Pese a que uno no lo quiera, todos somos hijos de nuestro tiempo. Aunque no lo pretendamos, la realidad, el día a día, juega un papel importante en nuestro modo de pensar y de relacionarnos. Se puede estar en heroica discrepancia con el mundo actual, dudar de aquello que la mayoría ofrece como solución y, en cambio, acercarte a aquello que el mundo desprecia. Sin embargo, por mucho que uno se afane, hay veces en las que se cae en las lógicas que rigen nuestro mundo. Y no hay nada de malo, porque le permite a uno ver al prójimo como lo que realmente es: un semejante. Desasido de las consignas de la batalla cultural que llaman a la guerra sin cuartel y sin hacer prisioneros, al otro lado de la trinchera, el del frente, el que se sienta junto a uno en el autobús o el que espera en la cola del supermercado, es también una persona corriente.
Frente a la soberbia moderna de que somos distintos a nuestros abuelos, la realidad se impone: las mujeres esperan de nosotros hombres fuertes y vigorosos, ¡caballeros!; y nosotros, ay, una mujer donde podamos reposar, un hogar con la medida del alma. Nuestra lucha es contra las potestades y las ideas; nuestra misión, engrosar las filas de nuestra milicia a medida que andamos la vida. Marian Rojas Estapé repite, siempre que le dan la oportunidad, que lo que realmente llena a las personas es el amor y que todo lo debe empapar: la medicación para la enfermedad, la rutina cotidiana, el trabajo ordinario o el consuelo al amigo. Está en nuestro interior, es la causa y el horizonte de nuestras elecciones, nuestro anhelo por encima de todo. A él estamos llamados. Ansiamos querer y que nos quieran. Sin embargo, el amor no es algo abstracto y alejado, tiene forma concreta.

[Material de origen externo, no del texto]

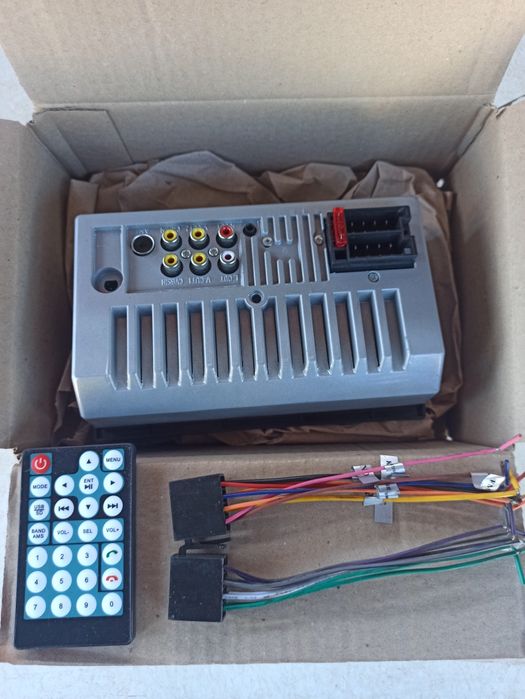 Продам двудиновую автомагнитолу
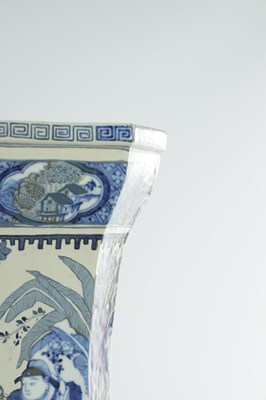 Lot 481 - A LARGE CHINESE KANGXI PERIOD BLUE AND WHITE PORCELAIN YEN YEN VASE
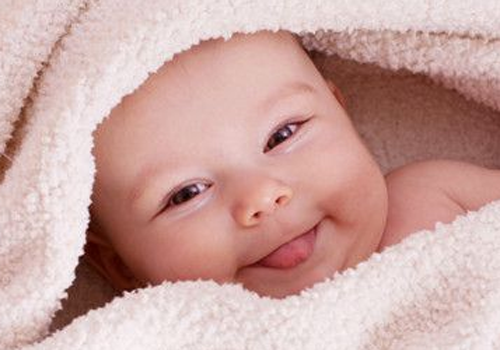 为何冬季宝宝湿疹会高发（冬季宝宝湿疹是什么原因造成的）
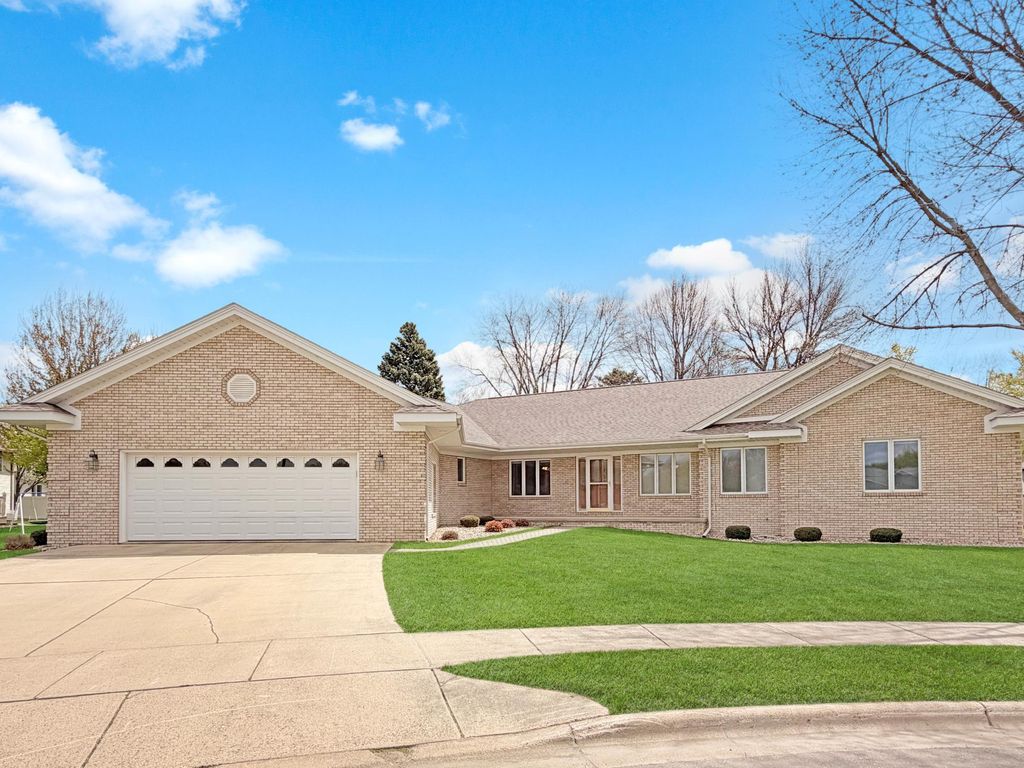 Photo of 103 Whitney Circle, Marshall, MN 56258 (MLS # 7069198)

Por tanto, podemos hacer mal uso de él. De la potencia al acto hay vastísimas concreciones, se puede afirmar sin miedo a la equivocación que el amor es una aventura. Es una empresa colosal, pero que nos es irresistible.
Pero, ¿cuál es el acto por antonomasia? ¿Cuál es el acto de toda la vida que, cuando uno lo ve, exclama: «¡realmente lo quiere!»? El interrogante me asustó, en un principio, porque la experiencia subjetiva puede hacer que tropiece. Temía caer en afirmar que lo genuinamente común es aquello que sólo a mí me lo parece. Hacer de mi experiencia la medida. Luego, al descubrir la importancia de la cuestión, me vi retado porque, como sostiene Julio Llorente: «Sólo ama quien conoce». Exprimiendo la pregunta, rumiándola completamente, creí hallar la respuesta.
La encontré en aquello que todos compartimos. Algo que nos marca, pero no nos define. Que nos va a acompañar hasta el cementerio y que detestamos de nosotros: nuestras miserias. La limitación y el error están a la orden del día. Como San Pablo, hacemos el mal que intentamos evitar y no hacemos el bien que queremos. Conocer también implica saber los defectos, además de sus virtudes, y este conocimiento, en la mayoría de veces, nos llega porque lo sufrimos. Ante las impuntualidades características de nuestro amigo, las preguntas inoportunas preguntas de algún familiar, el griterío de los más pequeños, discusiones y enfados que tenemos en el trabajo, el amor nos invita, porque el amor nunca obliga, sino que propone, el perdón. Perdonar es dar la vida por los amigos. Acostumbrarnos a perdonar, que sea la opción más fácil. Pero no un perdón eximente de los errores, sino un perdón que espolee al prójimo. Que sea impulso para que la otra persona siga perseverando en su lucha interior y que sea comprensivo con ella. Que tu perdón ahogue las limitaciones de los demás. Gracias a la disculpa sincera, ¡amorosa!, nos sentimos amados por cómo somos y no por lo que hacemos. En el perdón se fundamenta el verdadero amor, aquel que ni cansa ni se cansa. Sólo ama quien conoce, y quien perdona.